Thursday, June 4, 2009

Is the word "Saturn" worth billions?

With the bankruptcy of General Motors, several brands will be sold off, including Hummer, Saab, and Saturn. The sale of Hummer may include hard assets like facilities, tooling, equipment, and inventory, in addition to intellectual property like product designs and patents. However, some brands are likely to fetch the majority of their value solely from the brand name itself. 

On June 5 (2009) General Motors announced it had agreed to sell the Saturn brand and dealer network to Roger Penske. Some have speculated that the brand name Saturn is worth more than a billion dollars (although I'm guessing a sale price of hundreds of millions).

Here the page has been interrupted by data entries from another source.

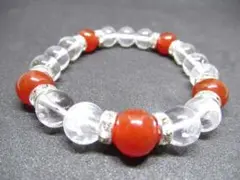 〇【水晶×カーネリアン】 天然石ブレスレットパワーストーン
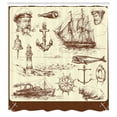 thumbnail image 3 of Ambesonne Retro Shower Curtain, Oceanic Drawing Effect, 69"Wx70"L, Brown Cream, 3 of 4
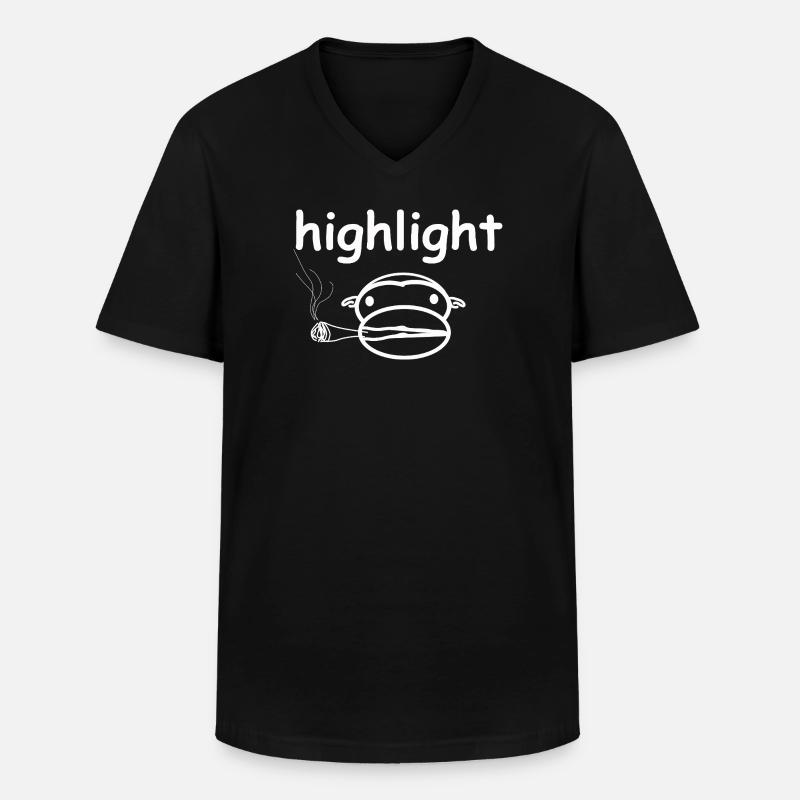 HIGHLIGHT - Männer-T-Shirt mit V-Ausschnitt - Schwarz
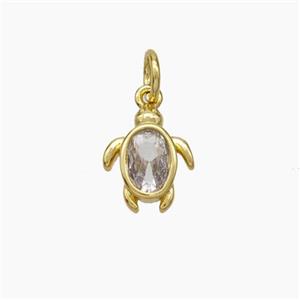 Copper Tortoise Pendant Pave Zirconia Gold Plated, approx 8-10mm [FD18829]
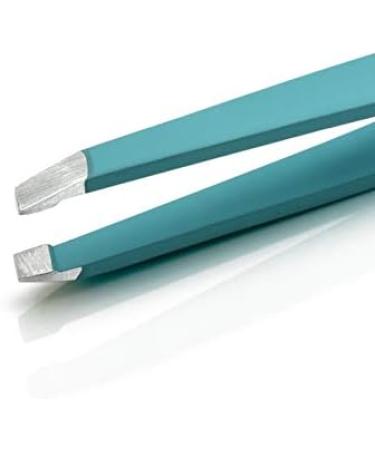 Effective Eyebrow Slanted Tweezer Covered with Colour Silicon (Turquoise) - Buy Online on GoSupps.com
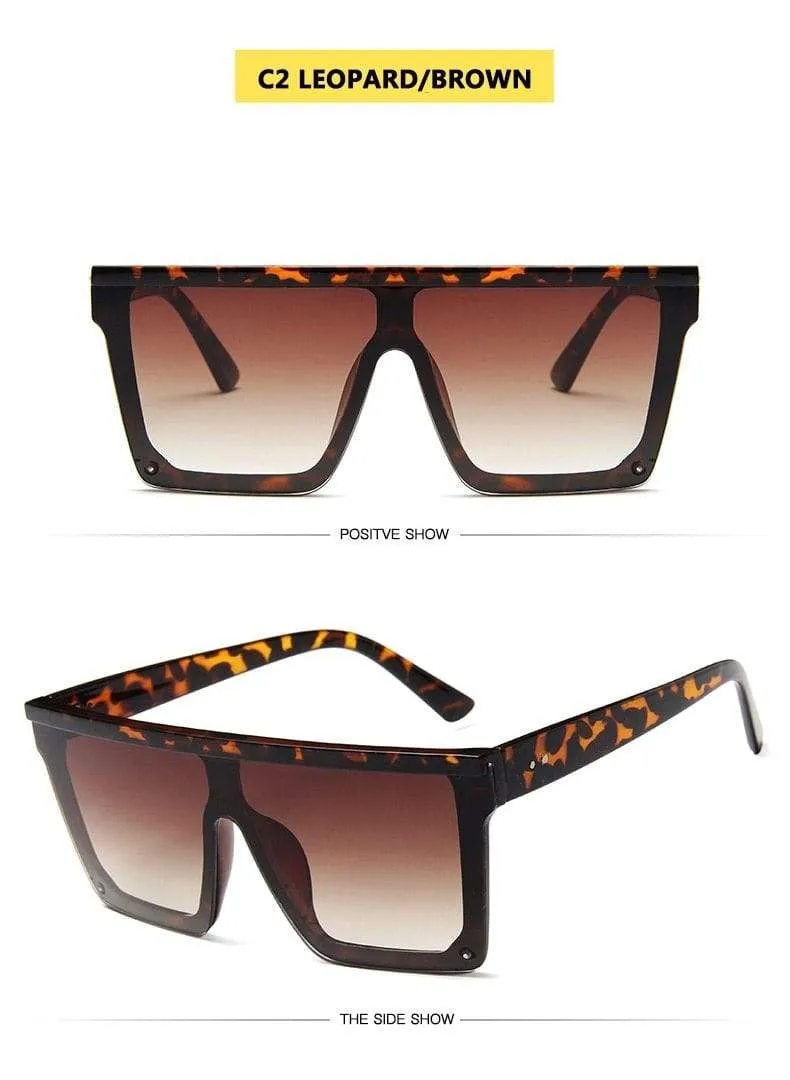 Vintage Männliche Flache Oberseite Sonnenbrille Männer Marke Schwarze Quadratische Schattierungen UV400 Gradienten Sonnenbrille Für Männer Coole Einteilige Designer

That's a billion for the right to use six particular letters in association with the manufacture or sale of automobiles. How can brands be so valuable?

A brand has positive equity if consumers react more favorably to the branded product than they do to the same product when it is attributed to a fictitiously named or unnamed version of the product. Penske's plan is almost certainly to source vehicles from manufacturers who make very good products, but who have not established significant brand equity. (How anxious are you to buy a Samsung car? How about a Magna?)

Are consumers stupid? Don't they know that a Samsung car is still a Samsung car even if it has a Saturn brand on it? In part, yes...really not so much stupid, as overwhelmed with information and not able to keep up with exactly who makes what. (Recall that GM's version of the Toyota Corolla-- made by Toyota in the same plant, with the same design as other Corollas-- sold for $2000 less than the Toyota-branded car.) 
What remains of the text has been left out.